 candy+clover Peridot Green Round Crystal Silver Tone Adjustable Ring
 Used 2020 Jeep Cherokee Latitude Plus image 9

────────────────────

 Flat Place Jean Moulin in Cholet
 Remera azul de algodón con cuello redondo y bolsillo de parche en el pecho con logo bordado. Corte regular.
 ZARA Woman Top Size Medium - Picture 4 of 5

────────────────────

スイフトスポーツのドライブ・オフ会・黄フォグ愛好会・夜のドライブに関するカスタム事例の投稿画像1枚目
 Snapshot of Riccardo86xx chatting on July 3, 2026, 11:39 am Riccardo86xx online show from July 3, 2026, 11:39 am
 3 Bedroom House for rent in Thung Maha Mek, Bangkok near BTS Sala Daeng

────────────────────

= What needs to be done =
Could you restate, word for word, the lines above from the one with "Flat Place Jean Moulin in Cholet" to the one with "ZARA Woman Top Size Medium - Picture 4 of 5", both included?

= Solution =
 Flat Place Jean Moulin in Cholet
 Remera azul de algodón con cuello redondo y bolsillo de parche en el pecho con logo bordado. Corte regular.
 ZARA Woman Top Size Medium - Picture 4 of 5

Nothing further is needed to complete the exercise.